Thursday, November 5, 2009

Covering Your Bases

There is a core concept in the book New Strategic Selling, by Heiman and Sanchez, that every person making complex sales must understand. Every sale of nebulous professional services is certainly a complex one. Especially when the effort is, as this blog hopes to help you accomplish, to secure high paying, expert dependant bet-the-company work.

To review, clients that have mission-critical work often need expertise found outside the firm on a temporary basis, to help them achieve a tremendous opportunity or avert a disaster. This may include achieving the best possible result in a multi-million (or billion) dollar lawsuit. Consummating a highly lucrative acquisition or sale of all or part of a business. Recovering from financial crisis. Addressing fraud or corruption within its domestic or international operations. Achieving greater revenues and exponential growth through focus and discipline. The situations are endless.

Heiman and Sanchez point out that every complex sale involves multiple buyers within the target, or perhaps tangential to it. Failure to create real wins for each of these critical buyers generally results in failure to secure the opportunity. Even if the contract is secured, failure to gain the support from all influencers within the entity will make it extremely difficult to succeed in the work or obtain any future work with that firm. A blessing from the top is seldom sufficient.

The four buying influencers are:
The Technical Buyer
The User Buyer
The Economic Buyer
The Coach

More than one person may fill each role and one person may completely or partially fill multiple roles. The objective is to identify who, within the target, holds the power to say no to your proposal, what their role is, how much influence do they really have, how to get to them and create a win for them so that they do not undermine your efforts. We will address coaches in the next post as they are extremely important and unique in their role in this process.

The Technical Buyer
This role is often filled by a gatekeeper. Often they are younger professionals whose job it is to find the individuals or firms who can be shown to have the necessary credentials to qualify as experts for the project. The role of this influences is to find objective proof that you are the right expert for this project.
Prior work experience – case studies.
Education, certifications, credentials.
Testimonials and references.
Thought Leading Articles, Speeches and White Papers.
Anything else that objectively proves you know this stuff better than anyone else.

The Technical Buyers role often is to narrow the field to the few top experts in the field. You have to stand out to make the cut.

The User Buyer
This role is filled by the individuals whose careers ride on how you perform. Once you have been approved technically, these influencers want to know whether they can work with you, whether you fit the culture of the organization, whether you can work as part of their team. Will you present well to critical third parties such as a jury, judge, Board of Directors, their client, etc.
We know you have the credentials at this point, but:
Are you well-spoken? Are you too well-spoken?
Do you have the right accent for work in Texas or New York?
Do you dress appropriately?
Are you attactive or fit or tall or not, which may be as important?
Do we seem to mesh on a personal level?
Does my team like you?
Etc.

This evaluation tends to be more esoteric and comes down to whether the person who is responsible for the success of this hugely important project can count on you to make him or her look great in front of the people most important to him or her.

The Economic Buyer
This is the person who writes the check to pay you for your work. The greater the support you have from the Technical and User Buyers charged with the success of the project, the more likely the economic buyer will give you the go ahead.
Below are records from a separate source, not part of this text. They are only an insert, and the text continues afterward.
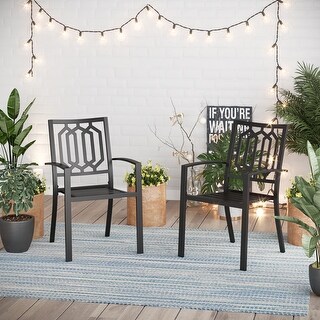 2-Piece Outdoor Patio Metal Dining Chairs for Garden,Backyard E-coating Weather-resistant Stackable Armchairs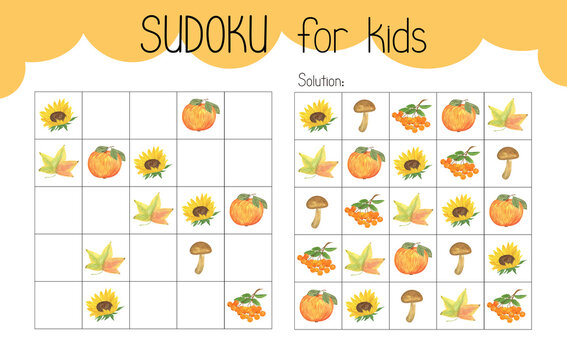 Sudoku educational game or leisure activity worksheet watercolor illustration, printable grid to fill in missing images, autumn topical vocabulary, puzzle with its solution, teachers resources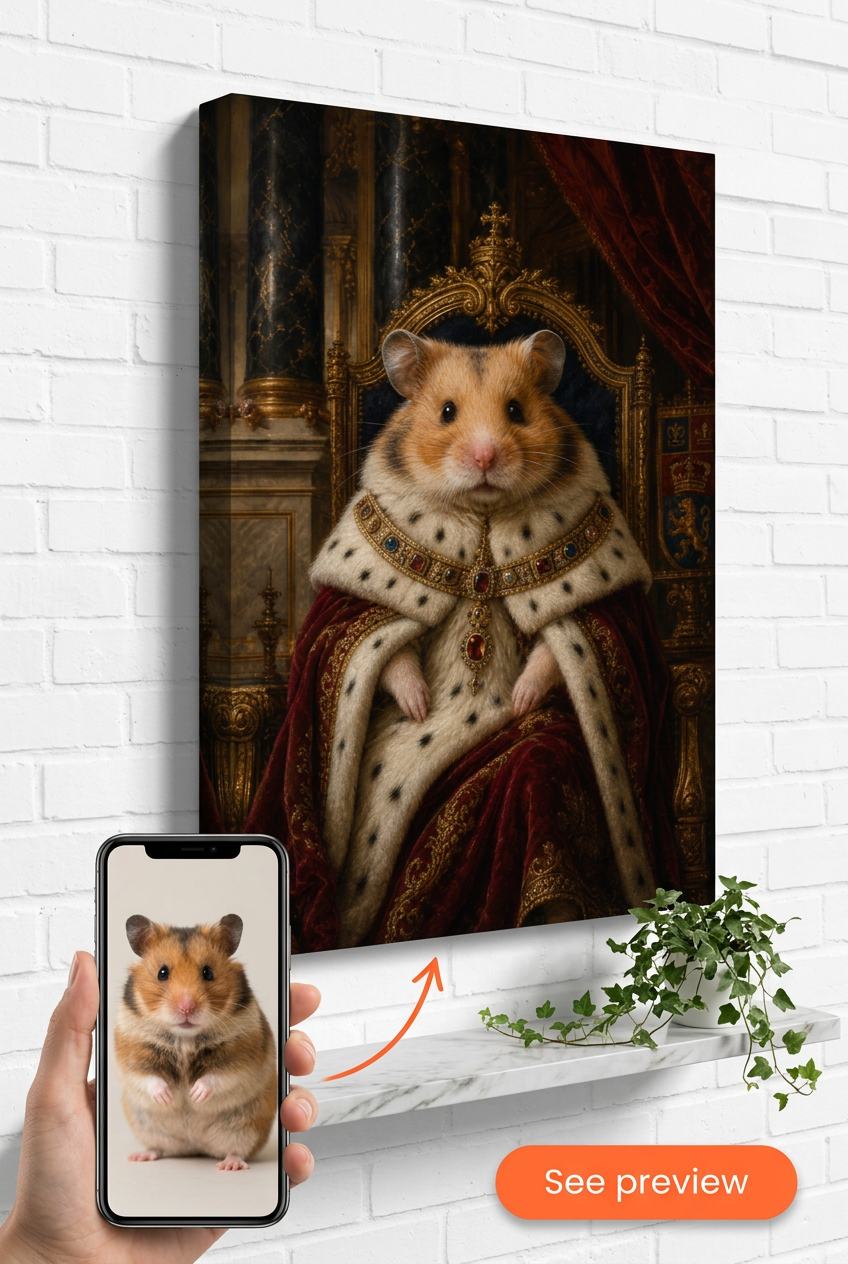 Custom Royal Cat Portrait — Whimsical Throne Canvas from Photo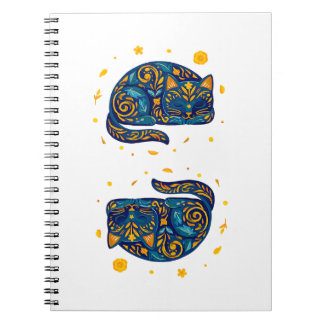 Volkskunstkat in het blauw notitieboek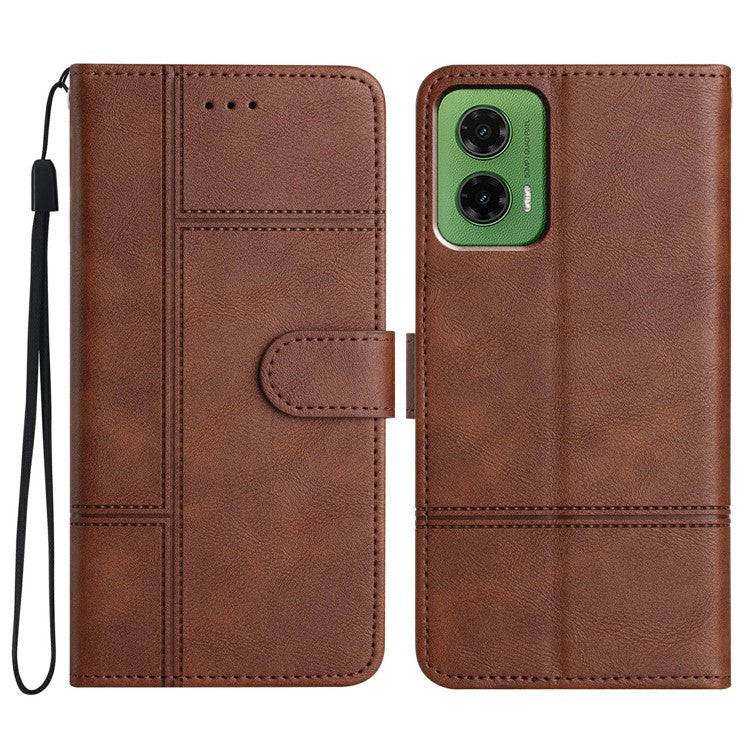 For Motorola Moto G35 5G Case Line Imprinted PU Leather Wallet Phone Cover - Coffee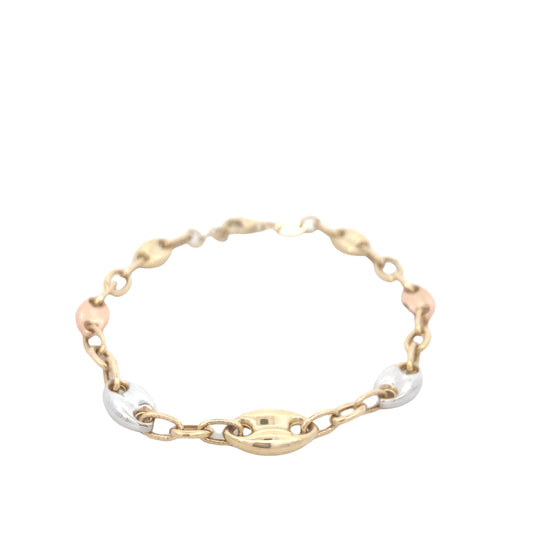 14K Gold 3/C Coffee Bean Bracelet | Luby Gold Collection | Luby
Never, however, take this influencer lightly. The person making this decision is also on the hook should the effort fail. If they do not know you, they may decide that it is safer to choose a highly regarded known quantity. The old saying is very relevant to this person, “No one ever got fired for hiring IBM.” The big name, highly regarded and much more expensive option is also the safest for the economic buyer, even in the face of support from all other influencers. If you fail to create a win for this critical influencer, you have made a critical error in your efforts.

Wins
The goal of your sale cannot just be to secure the work. You must identify each person with influence over the sale and the ultimate work and create a real and positive win for that person within the company and in their lives. You must show each buying influencer that you will make them look great in front of the people most important to them.

If you fail to do this, even if you secure the sale, the path will be fraught with pitfalls, the likelihood that you will fail and be blamed for the poor result and perhaps sued because of it, increase dramatically.

As they say,
“Hell hath no fury like a buying influencer scorned”

or something like that.

Complex sales are complex. It is important to work the whole puzzle. You are not finished if there are still pieces sitting on the table.